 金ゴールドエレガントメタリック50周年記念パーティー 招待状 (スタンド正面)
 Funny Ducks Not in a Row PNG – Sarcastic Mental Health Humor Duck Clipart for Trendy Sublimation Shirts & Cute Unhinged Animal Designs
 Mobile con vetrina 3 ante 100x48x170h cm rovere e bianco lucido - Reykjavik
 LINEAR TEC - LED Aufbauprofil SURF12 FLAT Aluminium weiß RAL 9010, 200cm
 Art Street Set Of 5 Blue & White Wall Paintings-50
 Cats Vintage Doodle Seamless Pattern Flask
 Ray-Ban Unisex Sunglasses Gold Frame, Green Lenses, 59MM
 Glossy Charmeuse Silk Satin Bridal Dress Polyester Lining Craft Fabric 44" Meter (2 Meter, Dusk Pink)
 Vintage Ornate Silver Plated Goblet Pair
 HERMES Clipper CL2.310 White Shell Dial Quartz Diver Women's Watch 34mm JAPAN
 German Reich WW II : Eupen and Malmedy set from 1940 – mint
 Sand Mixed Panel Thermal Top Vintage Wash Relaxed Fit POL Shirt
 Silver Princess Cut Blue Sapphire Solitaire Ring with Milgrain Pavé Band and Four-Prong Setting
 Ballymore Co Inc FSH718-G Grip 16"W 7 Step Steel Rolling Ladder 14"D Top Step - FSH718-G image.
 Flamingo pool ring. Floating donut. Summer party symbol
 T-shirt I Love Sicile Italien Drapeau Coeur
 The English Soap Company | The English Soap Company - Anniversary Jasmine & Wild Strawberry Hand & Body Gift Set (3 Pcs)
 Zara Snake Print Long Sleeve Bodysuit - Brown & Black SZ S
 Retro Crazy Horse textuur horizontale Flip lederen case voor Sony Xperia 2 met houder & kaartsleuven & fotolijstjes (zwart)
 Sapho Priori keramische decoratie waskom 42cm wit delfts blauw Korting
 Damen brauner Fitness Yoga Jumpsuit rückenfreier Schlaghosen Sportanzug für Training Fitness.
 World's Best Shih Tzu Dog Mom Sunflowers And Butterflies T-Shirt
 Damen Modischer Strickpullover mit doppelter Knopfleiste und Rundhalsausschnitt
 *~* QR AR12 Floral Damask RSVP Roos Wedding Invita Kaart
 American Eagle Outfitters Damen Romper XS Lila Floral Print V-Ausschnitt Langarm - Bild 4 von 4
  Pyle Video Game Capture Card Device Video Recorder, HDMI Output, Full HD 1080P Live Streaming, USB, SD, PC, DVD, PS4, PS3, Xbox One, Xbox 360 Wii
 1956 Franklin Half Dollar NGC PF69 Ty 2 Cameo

_____

• [TASK INSTRUCTIONS]: Could you restate word for word the lines above, from the one that contains "Retro Crazy Horse" through the one that contains "Sapho Priori keramische", and no others?

• [TASK SOLUTION]:
 Retro Crazy Horse textuur horizontale Flip lederen case voor Sony Xperia 2 met houder & kaartsleuven & fotolijstjes (zwart)
 Sapho Priori keramische decoratie waskom 42cm wit delfts blauw Korting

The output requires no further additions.